Farmers want face-to-face talks, not hotlines, about mental health
The research could help inform and improve outreach efforts to farmers about mental health.
SIOUX FALLS, S.D. -- Farmers don’t want to get help for their mental health from the internet or phone hotlines, new research shows. Instead, face-to-face conversations are what matters most, with family, friends and others, recent research indicates.
The study, conducted by University of Illinois professor Josie Rudolphi and several other researchers, surveyed 300 farmers in three counties in central Wisconsin.
The research found those who responded to the survey most wanted to get information about mental health from licensed medical providers as well as from spouses, family members and friends.
The least favored source of information included social media, the internet or phone support lines, results that surprised Rudolphi considering the plethora of information available from those sources.
"Farmers want information face-to-face, and they want it from their innermost circle," said Rudolphi. "Equipping those people with as much information as possible to deal with the stress and subsequent mental health issues of our farmers is important. These results really help us inform dissemination and creation of future resources."
The research could help inform and improve outreach efforts to farmers about mental health. Numerous states, including North Dakota, South Dakota and Minnesota are watching with alarm as the number of completed suicides outstrips those seen in past decades. Numerous largely rural states are mobilizing programs, including face-to-face training, mental health hotlines and online resources, to help those in rural areas struggling with mental health concerns.
Rudolphi is an assistant professor of agricultural and biological engineering at the University of Illinois. She works with the Marshfield Clinic Research Institute in central Wisconsin, which funded Rudolphi's survey, to deliver a program called Mental Health First Aid to local communities. The program aims to reduce stigma and train people to help others suffering from mental health issues.

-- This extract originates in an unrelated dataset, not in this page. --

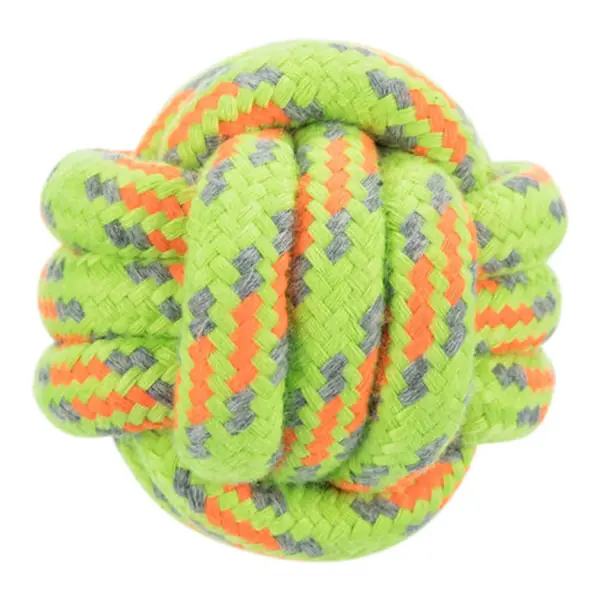 Trixie Halat Topu Köpek Oyuncağı 6cm - 4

Her research looked to see if farmers, who might turn to bankers, extension personnel, insurance agents and others for agricultural health and safety information, would look to the same people for help with mental health concerns. The survey showed that no, farmers won't turn to the same people for mental health advice.
However, properly trained, those people could, as part of a farmer's close network of support, be a ready and trusted source of mental health information. Rudolphi said she plans to replicate the research in Illinois, and it could point to ways to expand the network of people farmers trust for mental health information -- again, in a face-to-face way.
"It's much more labor intensive; the quick and easy solution would be to host and post a webinar that could have wide reach. But I think it speaks to this population; they're still a very close-knit group. They really rely on face-to-face contact; that's much more valuable to them," she said.
The farmers' median age was 56, and they were predominantly male and white -- roughly comparable with most farmers in the U.S.
Rudolphi's article, "Who and How: Exploring the Preferred Senders and Channels of Mental Health Information for Wisconsin Farmers," was recently published in the International Journal of Environmental Research and Public Health. Richard Berg and Barbara Malenga of the Marshfield Clinic Research Institute were co-authors.